Data for processing:
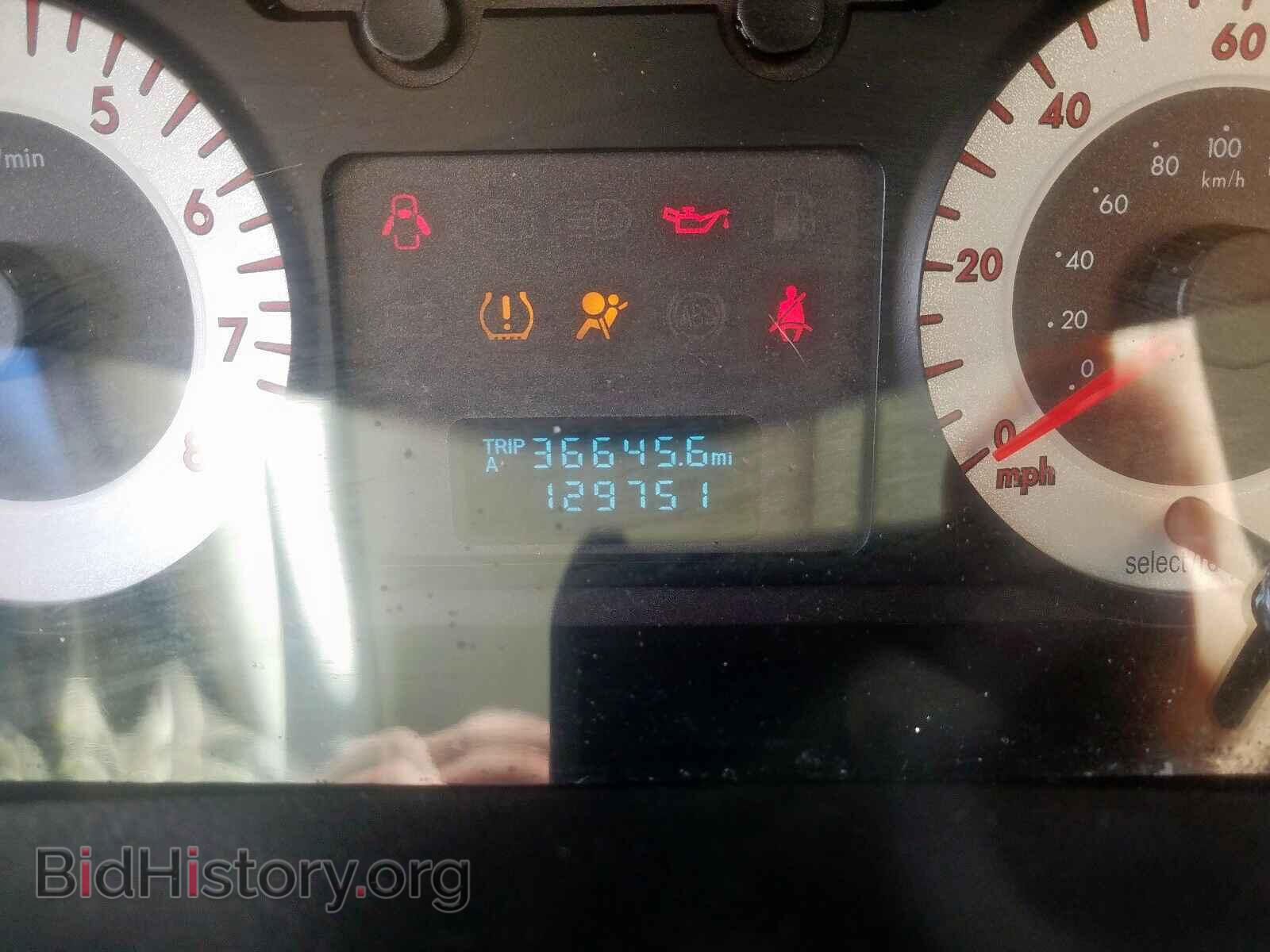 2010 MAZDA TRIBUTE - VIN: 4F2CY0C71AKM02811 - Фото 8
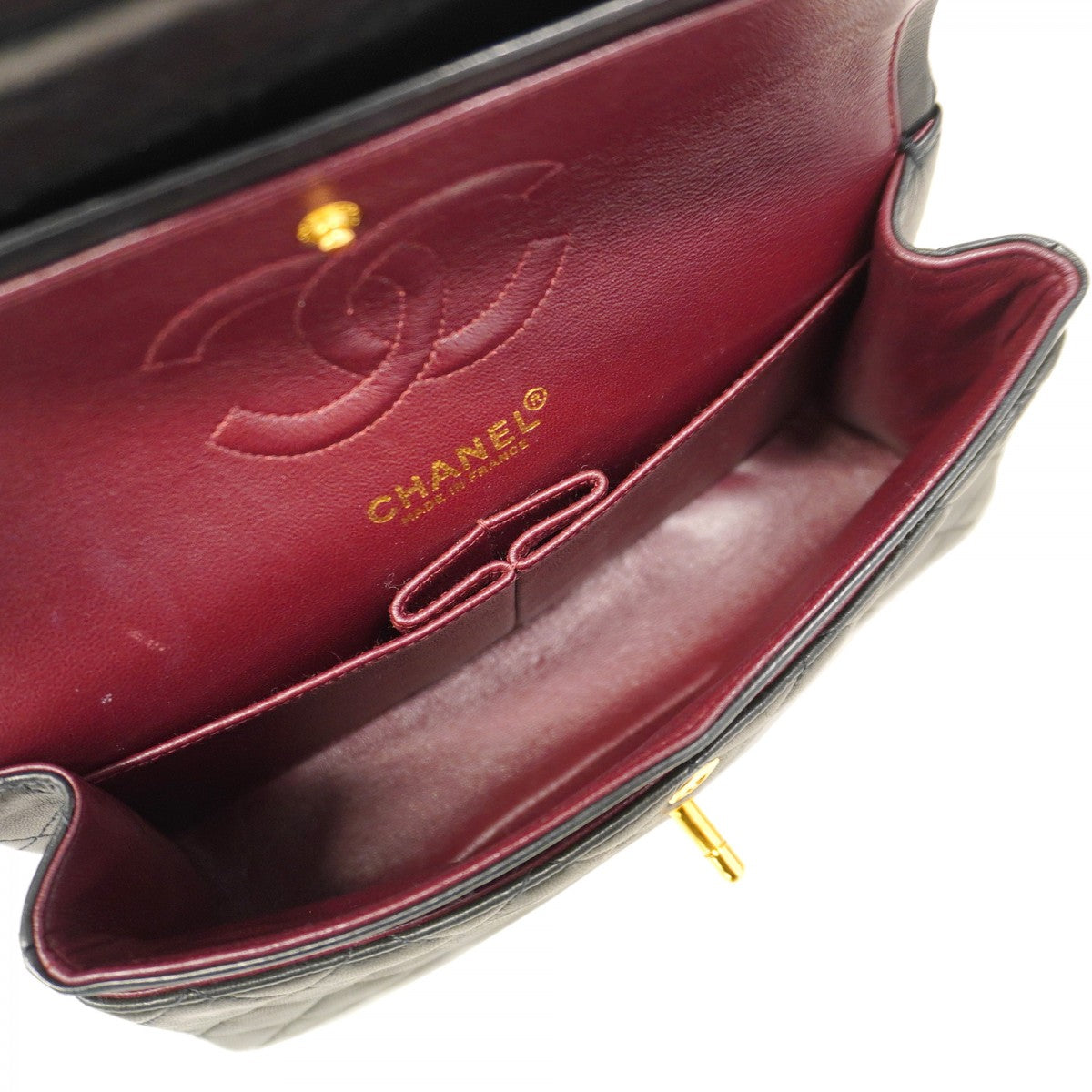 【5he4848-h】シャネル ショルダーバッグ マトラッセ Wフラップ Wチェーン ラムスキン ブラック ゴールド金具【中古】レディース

--

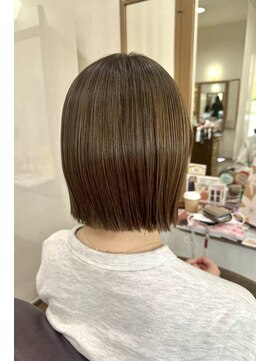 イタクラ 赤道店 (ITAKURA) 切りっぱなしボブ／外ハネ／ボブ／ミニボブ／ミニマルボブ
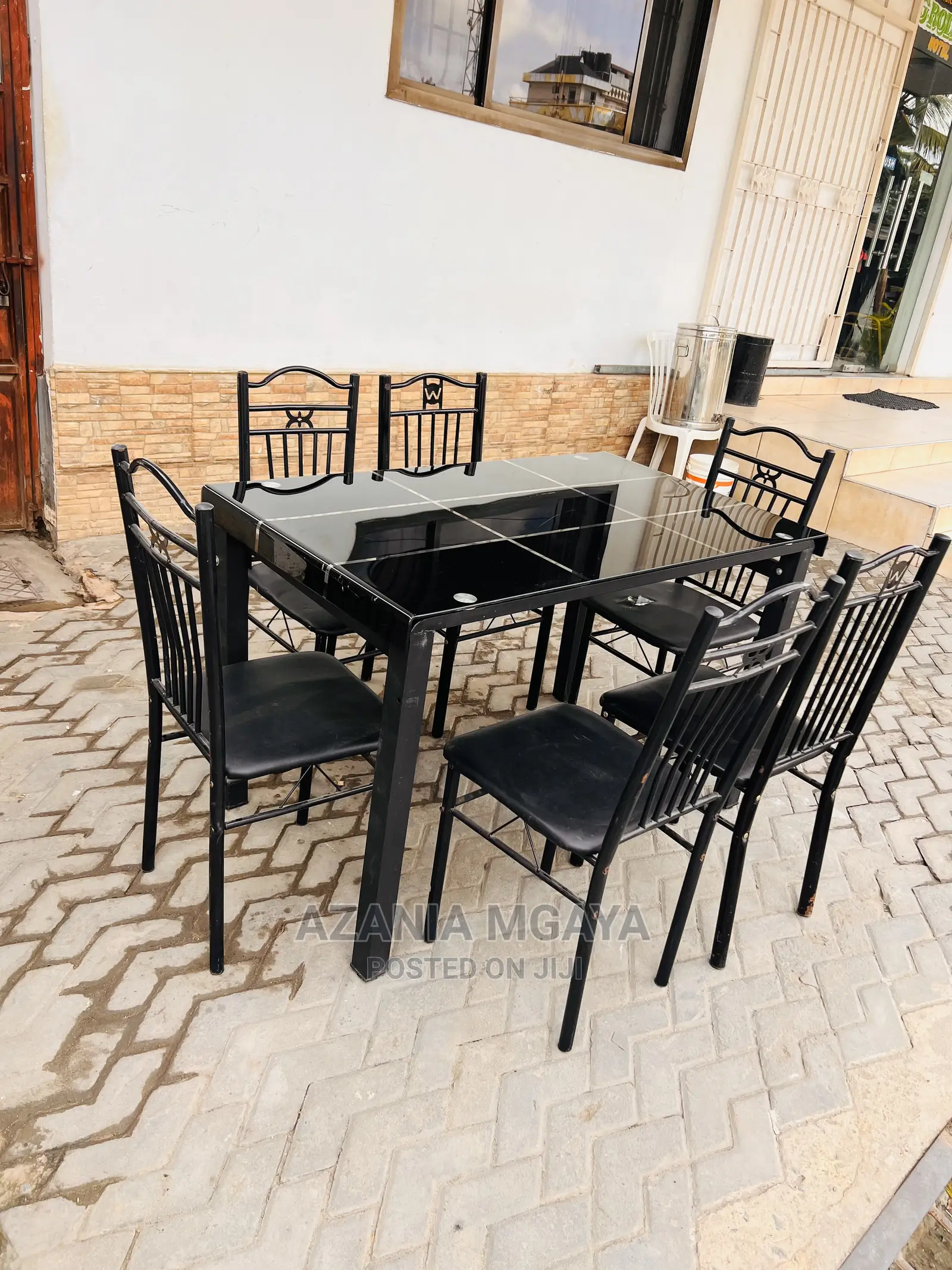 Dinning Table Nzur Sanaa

==

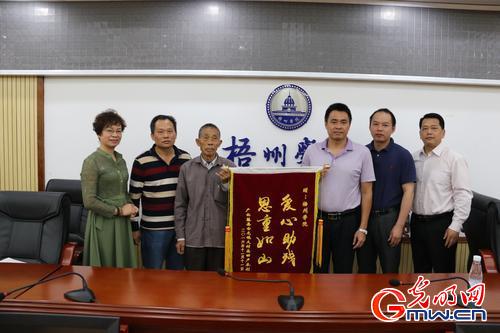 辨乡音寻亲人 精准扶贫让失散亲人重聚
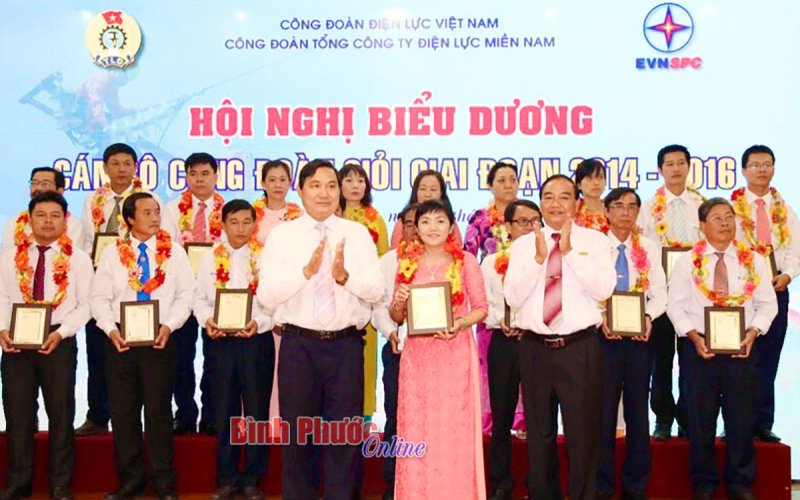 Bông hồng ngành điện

About this exercise:
What's needed is an exact copy of the records above from the line containing "2010 MAZDA TRIBUTE" down to the line containing "ラムスキン ブラック ゴールド金具【中古】レディース", both included, without any pictures.

Solution below:
 2010 MAZDA TRIBUTE - VIN: 4F2CY0C71AKM02811 - Фото 8
 【5he4848-h】シャネル ショルダーバッグ マトラッセ Wフラップ Wチェーン ラムスキン ブラック ゴールド金具【中古】レディース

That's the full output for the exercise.